— Problem to solve —
Copy, word for word, the lines of the listing below from the line with "Persona con un" up to and including the line with "AbenteuerDorf Kids Campus". Drop the pictures.

— Data for analysis —

○ ○ ○ ○ ○

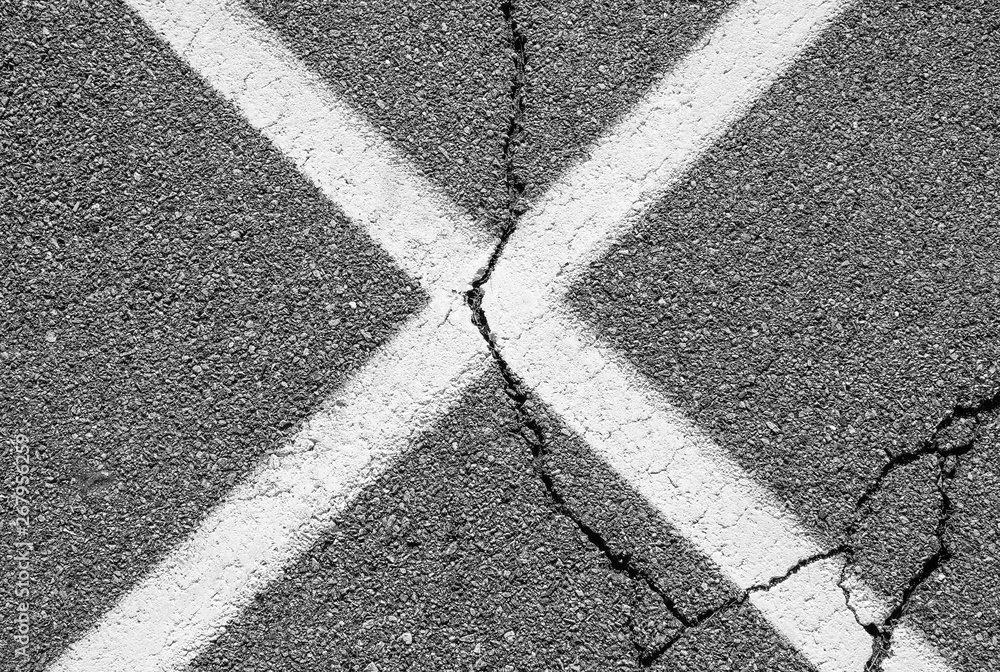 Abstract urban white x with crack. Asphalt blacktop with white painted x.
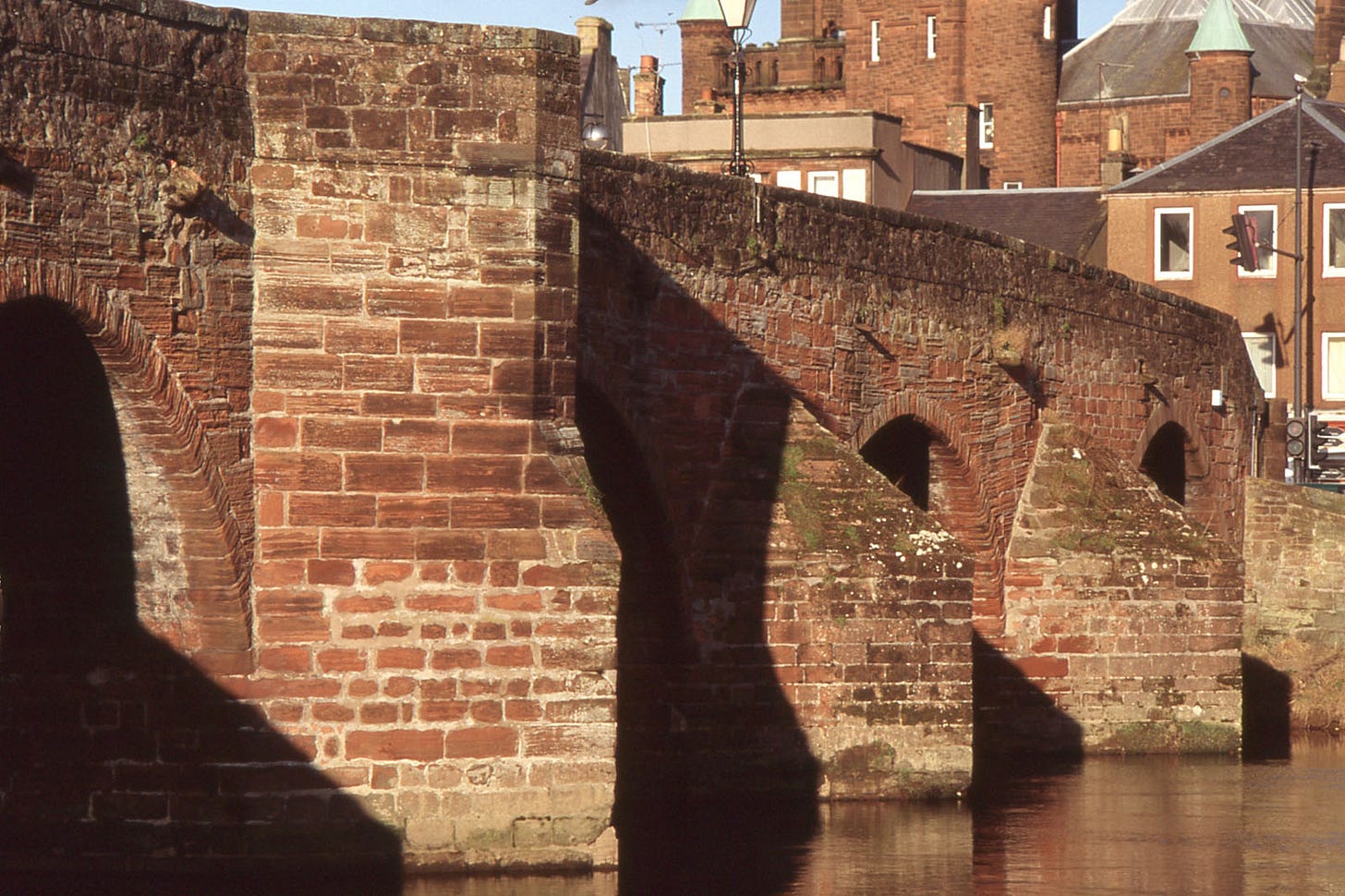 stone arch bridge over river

○ ○ ○ ○ ○

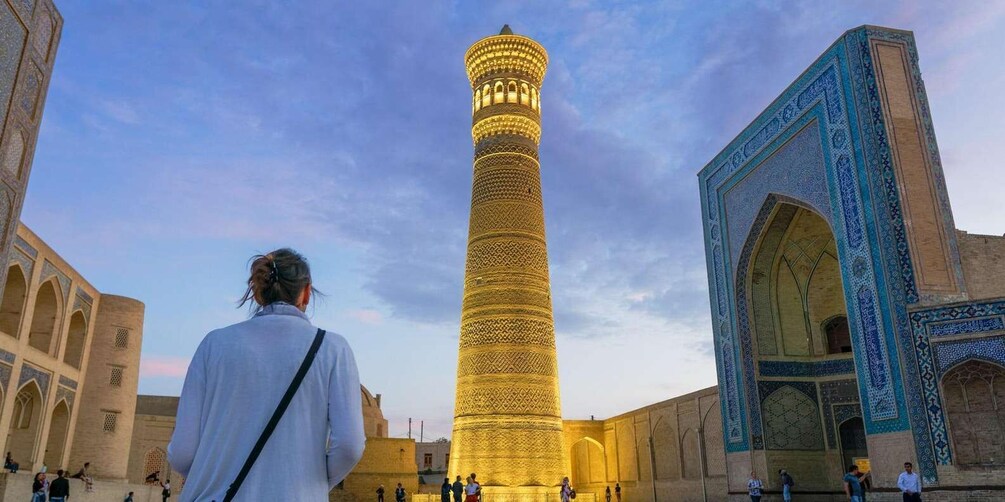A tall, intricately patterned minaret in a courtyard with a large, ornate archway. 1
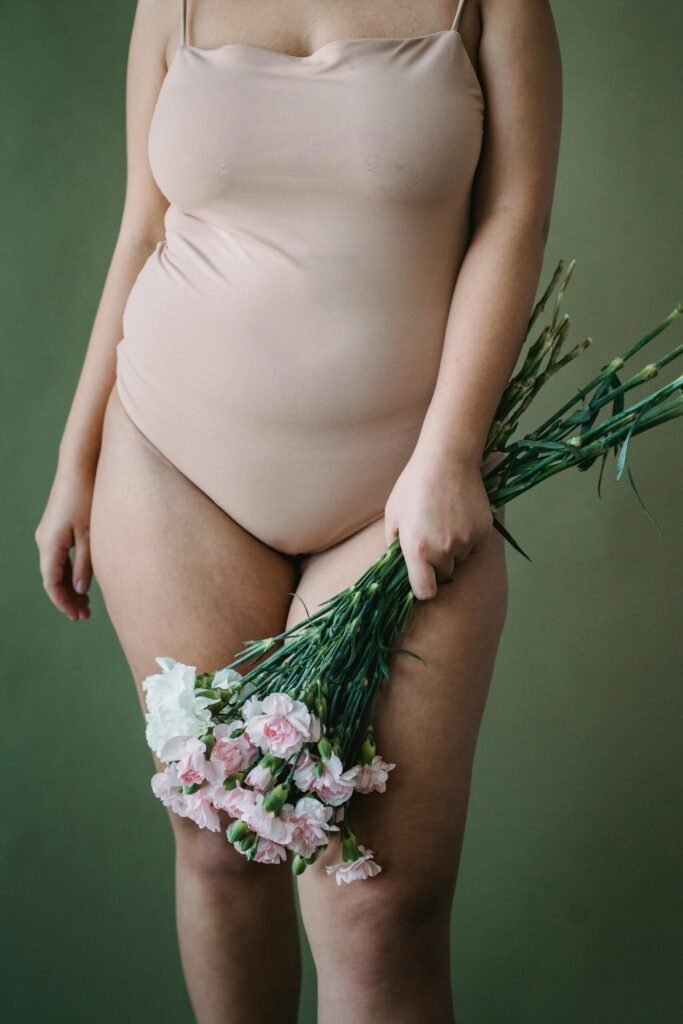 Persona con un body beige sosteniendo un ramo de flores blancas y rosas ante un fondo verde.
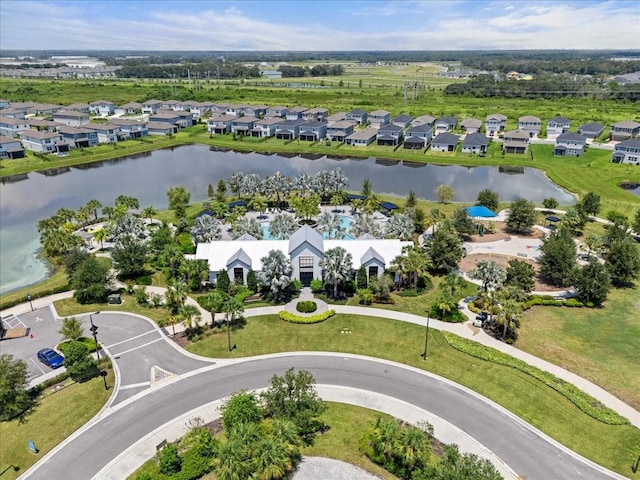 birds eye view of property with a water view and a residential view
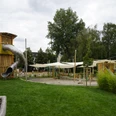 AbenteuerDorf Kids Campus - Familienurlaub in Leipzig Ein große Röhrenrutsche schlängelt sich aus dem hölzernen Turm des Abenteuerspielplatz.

○ ○ ○ ○ ○

— Task solution —
 Persona con un body beige sosteniendo un ramo de flores blancas y rosas ante un fondo verde.
 birds eye view of property with a water view and a residential view
 AbenteuerDorf Kids Campus - Familienurlaub in Leipzig Ein große Röhrenrutsche schlängelt sich aus dem hölzernen Turm des Abenteuerspielplatz.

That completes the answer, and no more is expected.